Pandaemonium

JACOB LAWRENCE AND THE GREAT MIGRATION (4)

great migration panel 39 Continuing my posts republishing the paintings from Jacob Lawrence’s Great Migration series, I have reached panels 31-40. Lawrence was one of America’s most important twentieth century painters, though one who has rarely received great public recognition, and the Great Migration, the exodus of African Americans from the Southern states to the Northern cities from 1915 onwards, one of the pivotal events of American history, though again not often recognized as such. Lawrence’s portrayal of that event, and of its existential impact, is perhaps his most essential work, as much an act of historical memory as a work of art. And yet, as Lawrence observed,

I don’t think in terms of history about that series, I think in terms of contemporary life. It was such a part of me that I didn’t think of something outside.

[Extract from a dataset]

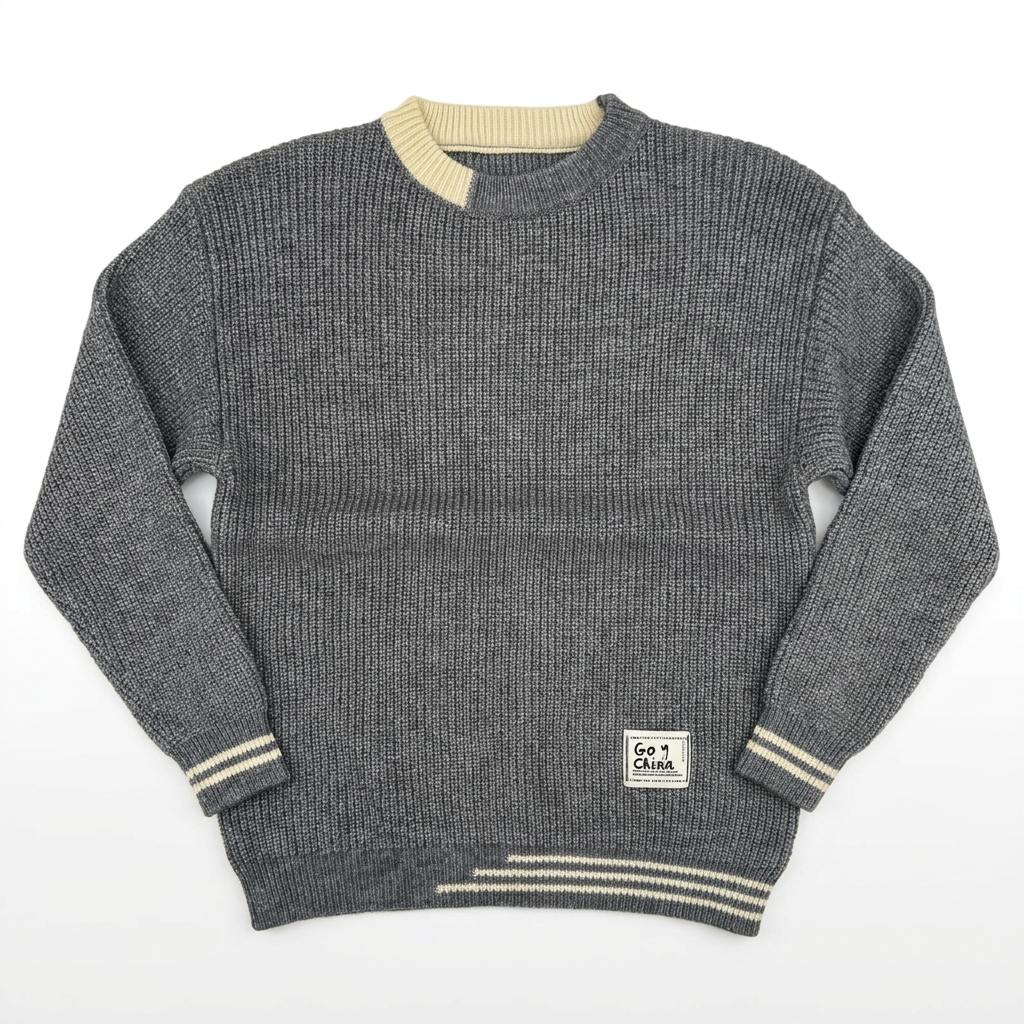 Grey textured crew-neck sweater with cream striped trims on white background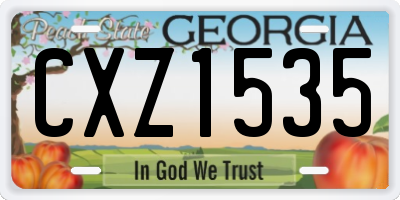 GA license plate CXZ1535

It was like I was doing a portrait of something. If it was a portrait, it was a portrait of myself, a portrait of my family, a portrait of my peers.

And a portrait of America, too. ‘I do not look upon the story of the Blacks in America as a separate experience to American culture’, Lawrence wrote, ‘but as a part of the American heritage and experience as a whole.’

Laid out across 60 panels, the depiction was as epic as the subject. The seeming naïvety of the paintings allowed Lawrence both to compress and to strip bare the emotional story he wanted to tell. Through the dark, somber backgrounds, and the flashes of primary colours that illuminate them, Lawrence portrayed not only a physical journey, but a spiritual one, too, capturing the sense of the fear, anger, despair and hope that travelled with the migrants. Lawrence used the same colours and figures and shapes throughout the series, forging a sense of unity,and  linking the personal stories to the historical drama.

In the first post in the series I wrote both about the Great Migration, and of Lawrence’s life and work. and published panels 1-10. In later posts, I published panels 11-20 and 21-30. Here are panels 31-40, together with Lawrence’s captions that are as simple and as bare as the paintings themselves, and an essential part of the work. If you want to see all 60 panels in one physical space, they are being reunited this year in a special exhibition at MoMA, New York’s Museum of Modern Art, to mark the centenary of the start of the Great Migration.


31
After arriving North the Negroes
had better housing conditions.

great migration panel 31


32
The railroad stations in the South were crowded
with people leaving for the North.

great migration panel 32


33
People who had not yet come North received letters
from their relatives telling them of the
better conditions that existed there..

great migration panel 33


34
The Negro press was also influential
in urging the people to leave the South.

great migration panel 34


35
They left the South in large numbers
and they arrived in the North in large numbers.

great migration panel 35


36
They arrived in great numbers into Chicago,
the gateway to the West.

great migration panel 36


37
The Negroes that had been brought North
worked in large numbers in one of the principal industries,
which was steel.

great migration panel 37


38
They also worked in large numbers on the railroad.

great migration panel 38


39
Luggage crowded the railroad platforms.

great migration panel 39


40
The migrants arrived in great numbers.